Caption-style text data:
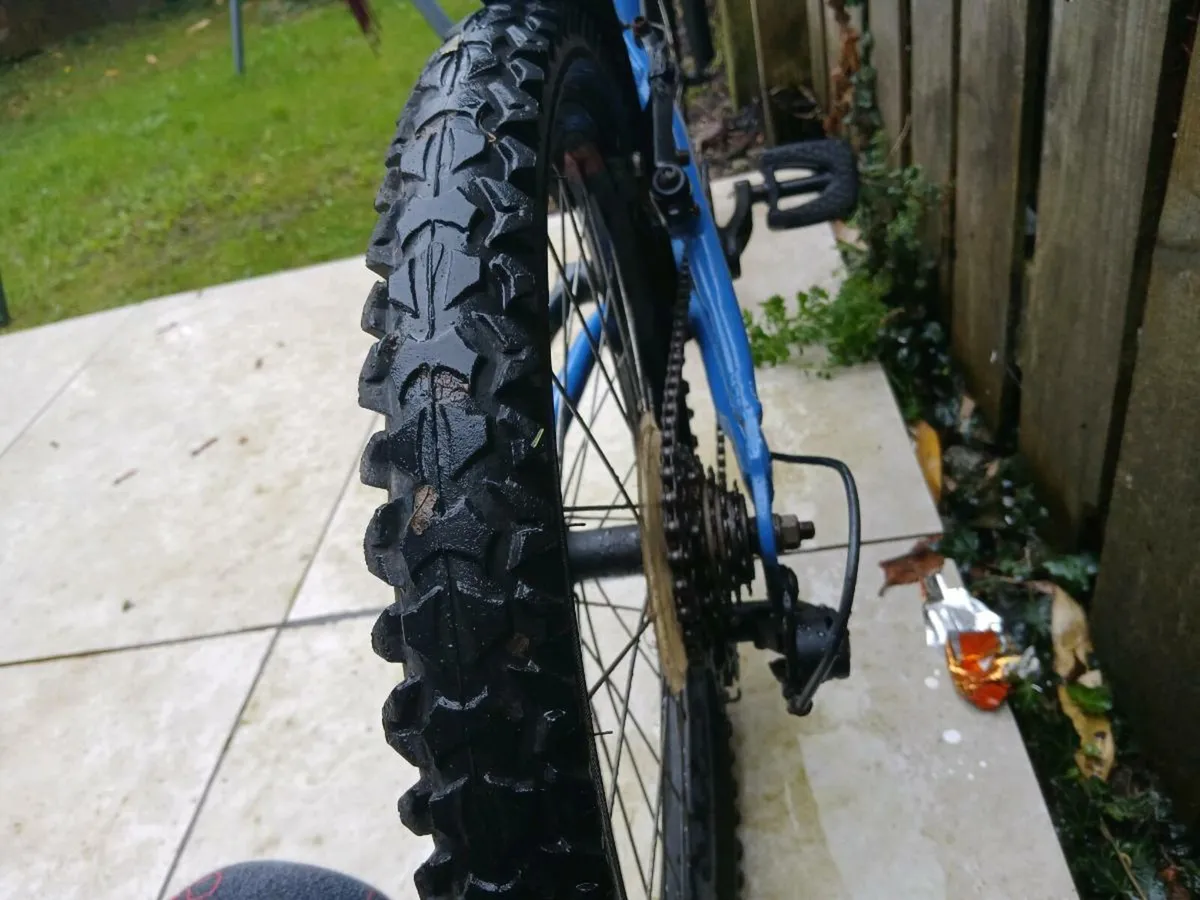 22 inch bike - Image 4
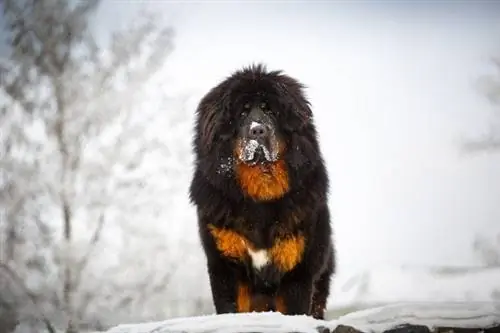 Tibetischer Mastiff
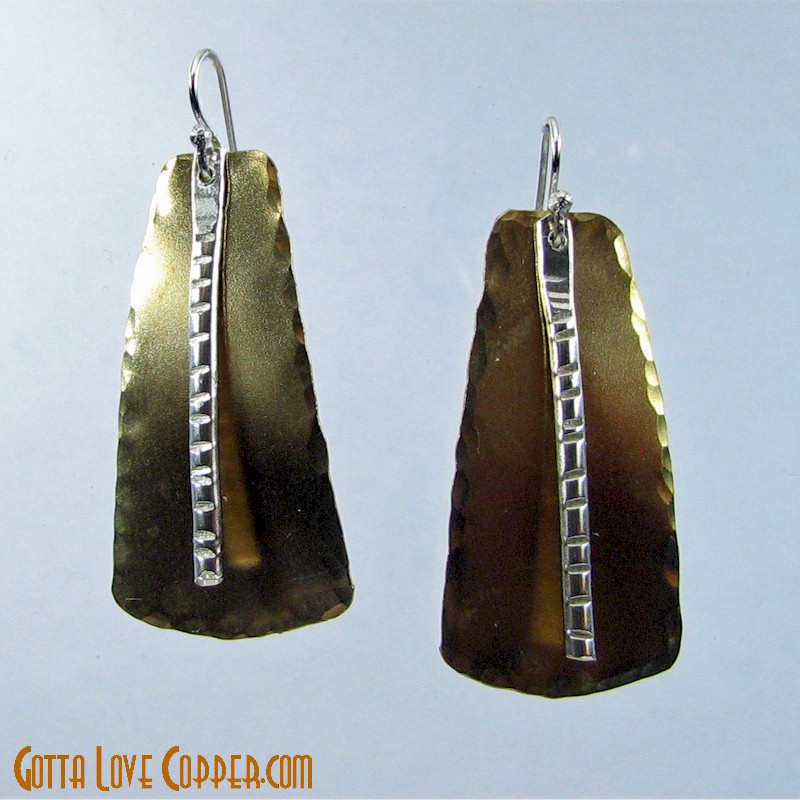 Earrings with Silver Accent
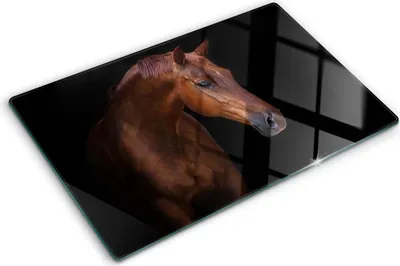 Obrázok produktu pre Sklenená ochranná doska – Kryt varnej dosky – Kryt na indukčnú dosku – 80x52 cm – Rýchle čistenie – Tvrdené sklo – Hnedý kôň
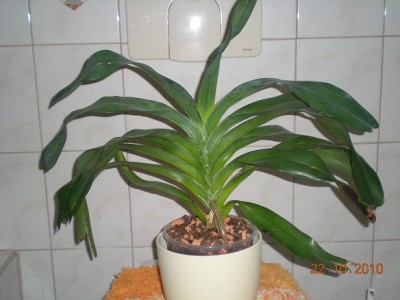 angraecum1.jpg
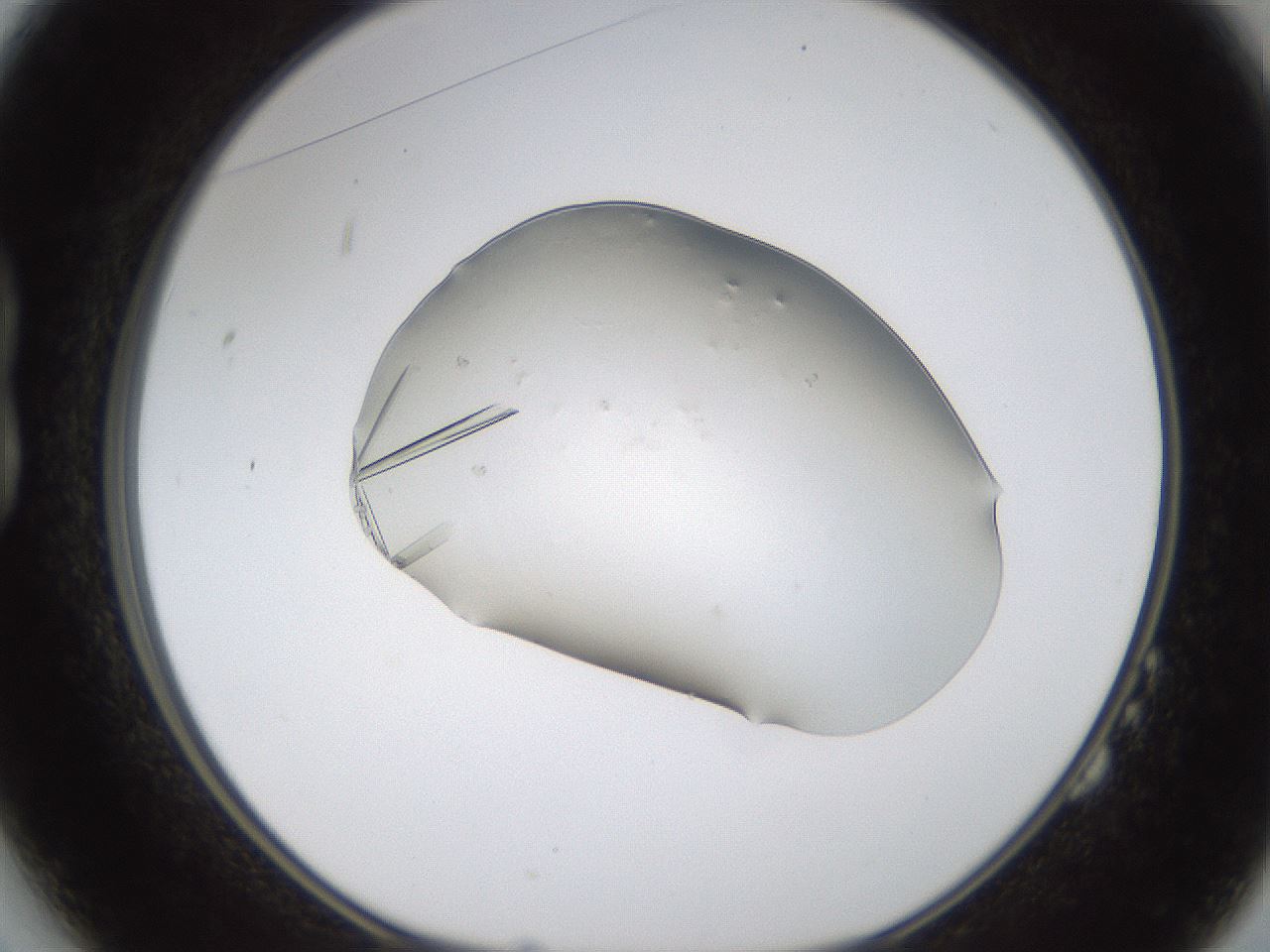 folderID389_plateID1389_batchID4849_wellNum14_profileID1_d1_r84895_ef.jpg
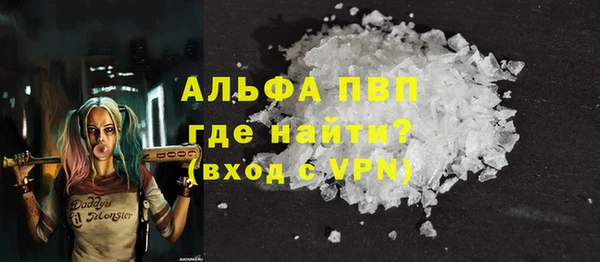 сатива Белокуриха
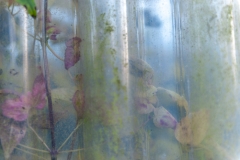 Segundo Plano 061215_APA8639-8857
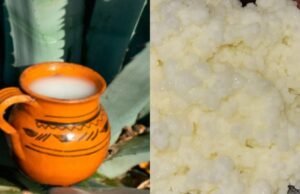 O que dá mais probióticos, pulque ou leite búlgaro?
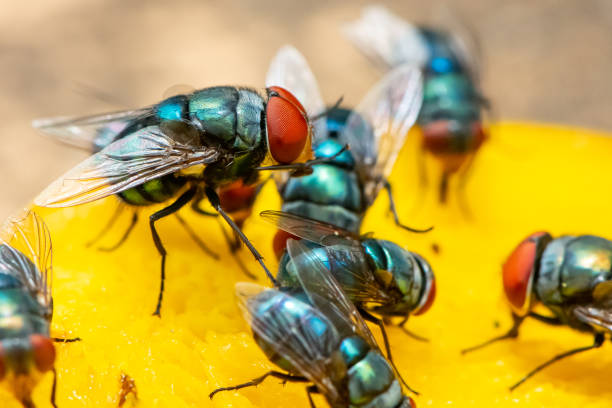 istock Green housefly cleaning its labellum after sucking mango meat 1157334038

§ **What you will do**
Write out again exactly the lines from the start of the data above through the line containing "O que dá mais", inclusive, excluding any pictures.

§ **Output**
 22 inch bike - Image 4
 Tibetischer Mastiff
 Earrings with Silver Accent
 Obrázok produktu pre Sklenená ochranná doska – Kryt varnej dosky – Kryt na indukčnú dosku – 80x52 cm – Rýchle čistenie – Tvrdené sklo – Hnedý kôň
 angraecum1.jpg
 folderID389_plateID1389_batchID4849_wellNum14_profileID1_d1_r84895_ef.jpg
 сатива Белокуриха
 Segundo Plano 061215_APA8639-8857
 O que dá mais probióticos, pulque ou leite búlgaro?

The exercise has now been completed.